Por Victorio Pirillo. La sociedad percibe que los actuales políticos actúan solo como demagogos asalariados, señala el autor al hacer un análisis del menú electoral que se ofrece este año.
“La estrategia es debilitar y corromper por dentro a la Argentina, destruir sus industrias, sus fuerzas armadas, fomentar divisiones internas apoyando a bandos de derecha e izquierda, atacar su cultura en todos los medios, imponer dirigentes políticos que respondan a nuestro imperio”… Frase que algunos, sin prueba alguna, atribuyen al primer ministro inglés W. Churchill, pero que los acontecimientos históricos posteriores le dan un visto cuasi absoluto de realidad.
Fue veraz el malestar del primer ministro británico, un hombre en algunas ocasiones temperamental e irascible, quien exteriorizara el 2 de agosto de 1944 ante la Cámara de los Comunes lo siguiente: “Sentimos profunda pena y gran angustia como amigos de Argentina, que en estos tiempos de prueba para las naciones ella no ha considerado oportuno tomar su lugar sin reserva o calificación del lado de la libertad, y ha elegido aliarse con el mal, y no solo con el mal, sino con el lado perdedor”.
Con esto estaba claro que, a la inversa de cualquier cristiano, los aliados dueños del mundo para finales de ese año no iban a poner la otra mejilla, sino por el contrario. Responderían con crudeza el golpe con una bofetada aleccionadora y humillante para el país de la pampa rica.

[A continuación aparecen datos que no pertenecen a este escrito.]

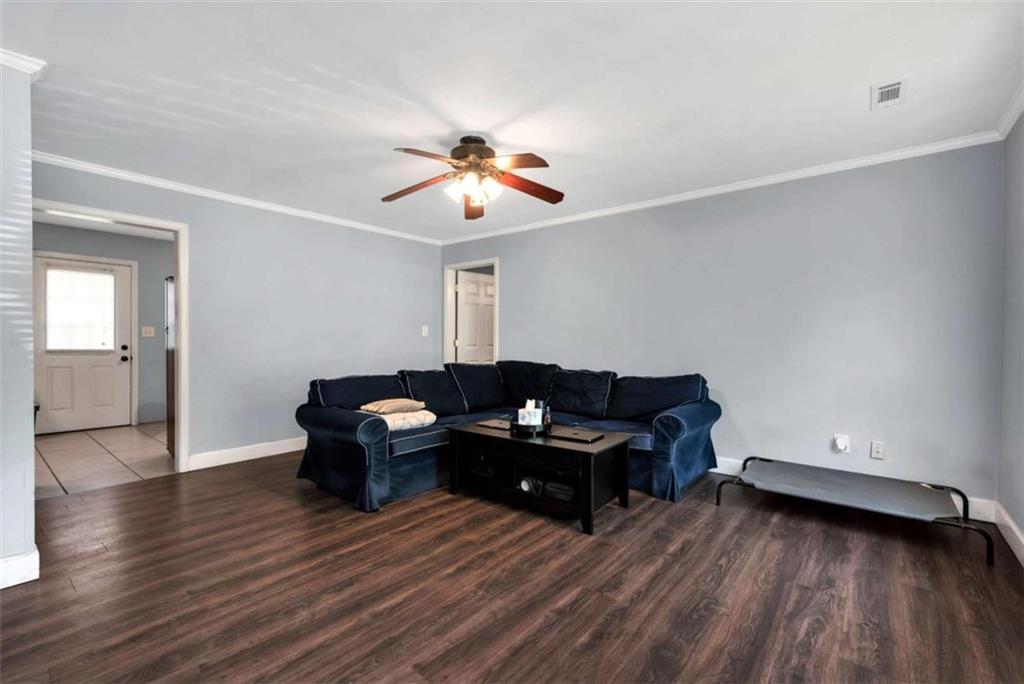 295 Tower Heights Road Property Photo 3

Golpes de estado cuasi constantes y sanguinarios, desestabilización industrial, pérdida de mercados, ausencia de tecnología, destrucción de la moneda, cataclismo de su ejército, desinversión en la educación y en la salud, la indefensión de sus fronteras, descontrol inmigratorio, narcotráfico, inseguridad, son algunas de las pestes que como en el Egipto de Moisés se diseminaron año tras año en nuestro país.

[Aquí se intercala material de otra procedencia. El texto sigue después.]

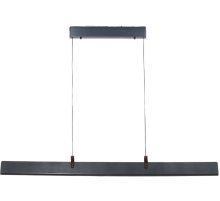 Подвесной светильник Mizi en Glow MZ31516-1200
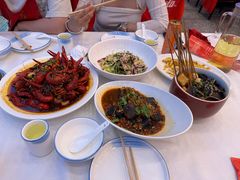 -簋街仔仔小龙虾(总店)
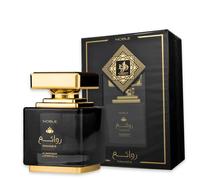 Parfum Homme AL WATANIAH Eternal Rawaee Noble EDP 100ml Fragrance Intense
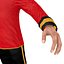 Bellboy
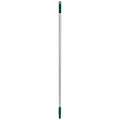 Remco - A Vikan Company ColorCore 51 Aluminum Handle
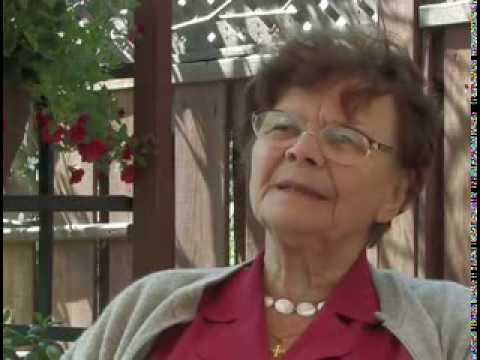 Syberia- "Zsyłka"-wspomnienia Haliny Kardynał z lat 1940-46 z Kazachstanu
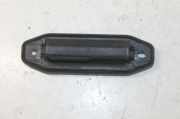 Griff zum Öffnen des Kofferraums TOYOTA AURIS (_E18_) 1.4 D-4D (NDE180_) 15C879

Los inductores de falsos informes y falsificadores de opiniones rentadas trabajan sin descanso para garantizar los mezquinos intereses personalistas de instalar a cualquier costo los nuevos sofistas que se muestran como cuasi únicos “salvadores” del propio desastre que produjeron estos y otros candidatos. La elite corporativista mundial, con la complicidad de políticos lobbistas argentinos que hacen valer lo suyo por sobre lo de los demás, construyen este triste escenario de renunciar a elegir, derecho primordial de una verdadera democracia para solo tener que optar no ya entre partidos políticos con plataformas electorales como antaño peronista- radical-socialista- liberal, sino ante frentes en los que rotan los actores de reparto de siempre sin ninguna propuesta clara.

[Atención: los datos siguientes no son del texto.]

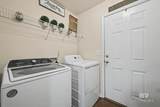 18835 Newsome Way - Photo 24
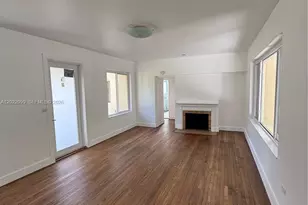 661 NE 51st St, Miami, FL 33137 - Photo 4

La sociedad percibe que los actuales políticos actúan solo como demagogos asalariados. El voto que no vota, es decir el ausentismo electoral que es el que repudia con su indiferencia a todos por igual, los rechaza con revulsión por considerarlos garantes de su desgracia. De equivalente manera los cuatro jinetes del apocalipsis marchan sin piedad alguna. Todos entrando por el único embudo que conduce como salida a recetas de ajustes recesivas que sumirán al estado confinándolo a convertirse en un campo de batalla de sus pininas disputas. La gran cantidad de no votantes saben que la receta ya está impresa. Estos y los resignados no pecan de ignorantes en ver también que la partitura ya está escrita, solo falta saber que burócrata dirigirá la batuta con la que se arrasarán libertades públicas generando con su accionar injusticias económicas y sociales que seguirán garantizando la infelicidad y frustración de este castigado pueblo. Mientras el país siga atado a las personas o a la oligarquía de la actual partidocracia y no a las propuestas, el individuo deberá seguir navegando en el fantástico mundo de lo teórico que en nada resolverá sus penurias y sus angustias.
Victorio Pirillo es secretario general del Sindicato de Trabajadores Municipales de Vicente López, y escritor.